INSTRUCTIONS FOR THE TASK: Please give every record below again exactly, and keep the pictures out.

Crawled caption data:
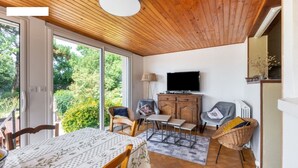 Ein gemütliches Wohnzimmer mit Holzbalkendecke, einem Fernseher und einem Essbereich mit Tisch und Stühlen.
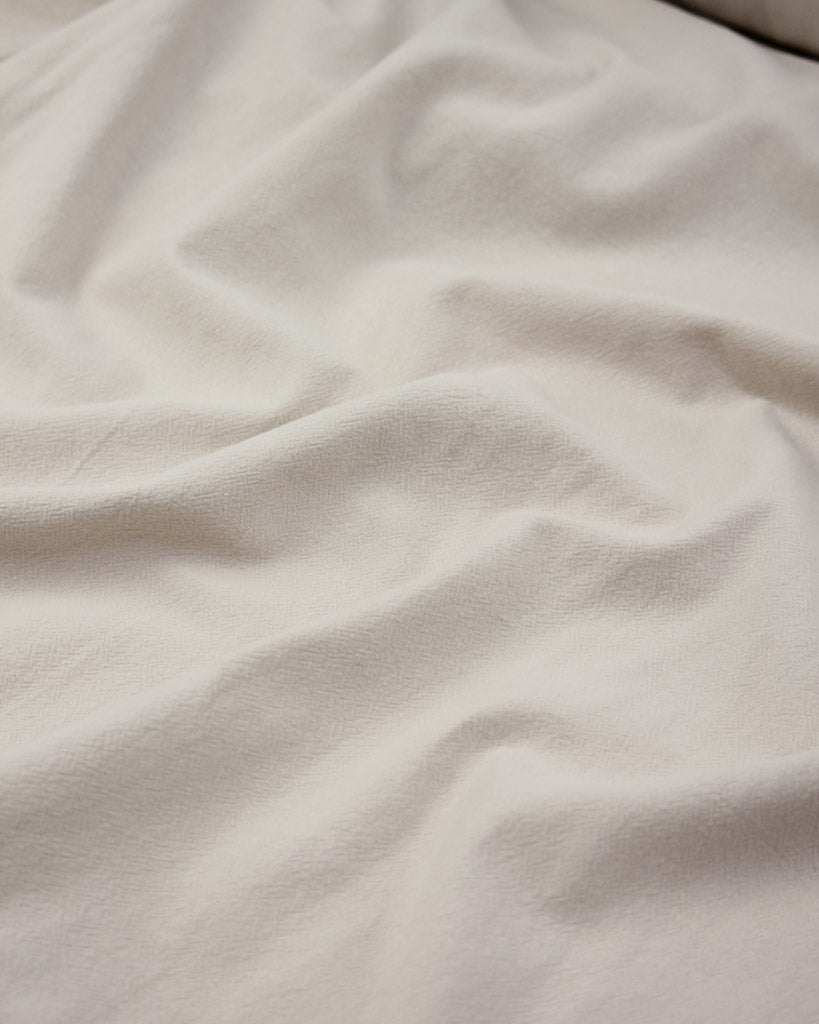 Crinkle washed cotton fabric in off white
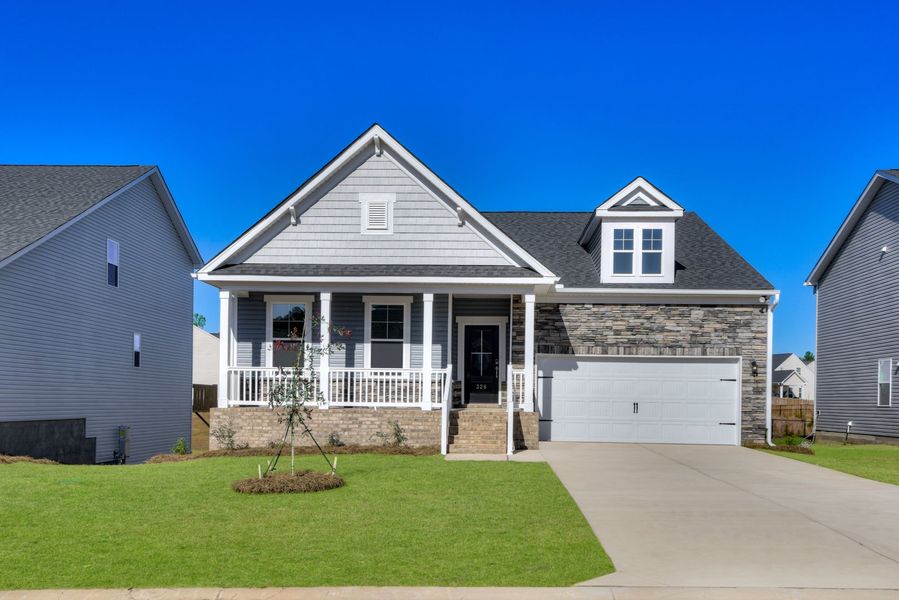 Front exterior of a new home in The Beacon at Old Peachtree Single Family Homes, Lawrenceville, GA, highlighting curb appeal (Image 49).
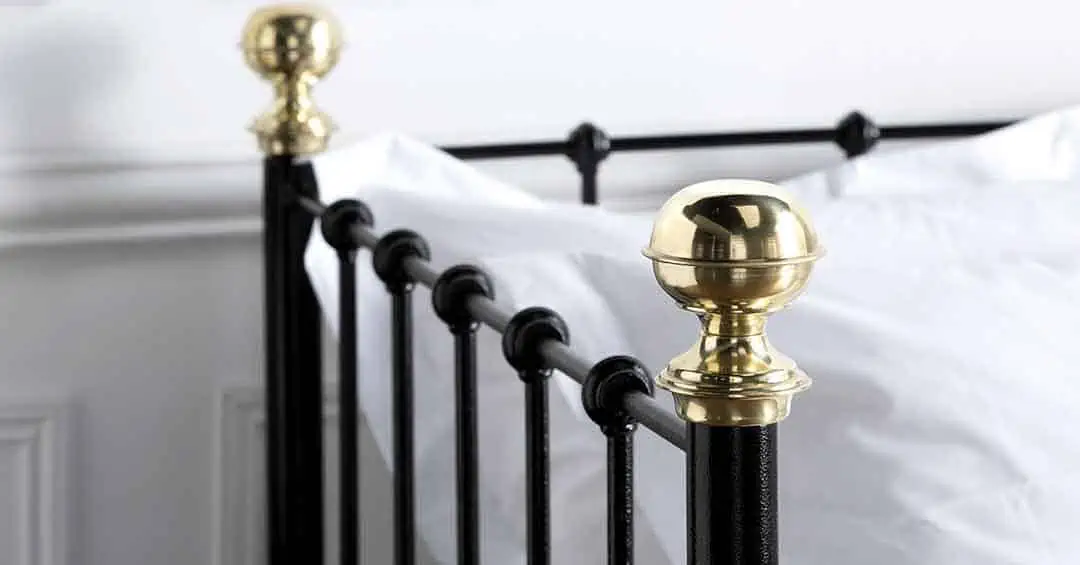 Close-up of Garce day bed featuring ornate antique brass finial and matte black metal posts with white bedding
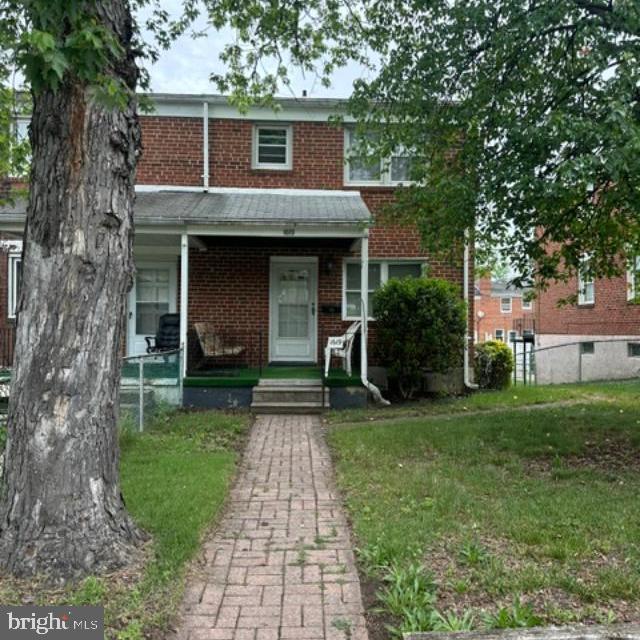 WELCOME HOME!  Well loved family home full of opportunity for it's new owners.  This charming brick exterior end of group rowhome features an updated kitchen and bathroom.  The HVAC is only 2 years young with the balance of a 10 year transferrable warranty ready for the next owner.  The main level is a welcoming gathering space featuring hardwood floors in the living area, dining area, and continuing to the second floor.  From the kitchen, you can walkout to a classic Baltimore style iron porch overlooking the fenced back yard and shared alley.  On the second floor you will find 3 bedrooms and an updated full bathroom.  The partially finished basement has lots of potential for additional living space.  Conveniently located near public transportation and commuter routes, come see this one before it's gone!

ANSWER AREA:
 Ein gemütliches Wohnzimmer mit Holzbalkendecke, einem Fernseher und einem Essbereich mit Tisch und Stühlen.
 Crinkle washed cotton fabric in off white
 Front exterior of a new home in The Beacon at Old Peachtree Single Family Homes, Lawrenceville, GA, highlighting curb appeal (Image 49).
 Close-up of Garce day bed featuring ornate antique brass finial and matte black metal posts with white bedding
 WELCOME HOME!  Well loved family home full of opportunity for it's new owners.  This charming brick exterior end of group rowhome features an updated kitchen and bathroom.  The HVAC is only 2 years young with the balance of a 10 year transferrable warranty ready for the next owner.  The main level is a welcoming gathering space featuring hardwood floors in the living area, dining area, and continuing to the second floor.  From the kitchen, you can walkout to a classic Baltimore style iron porch overlooking the fenced back yard and shared alley.  On the second floor you will find 3 bedrooms and an updated full bathroom.  The partially finished basement has lots of potential for additional living space.  Conveniently located near public transportation and commuter routes, come see this one before it's gone!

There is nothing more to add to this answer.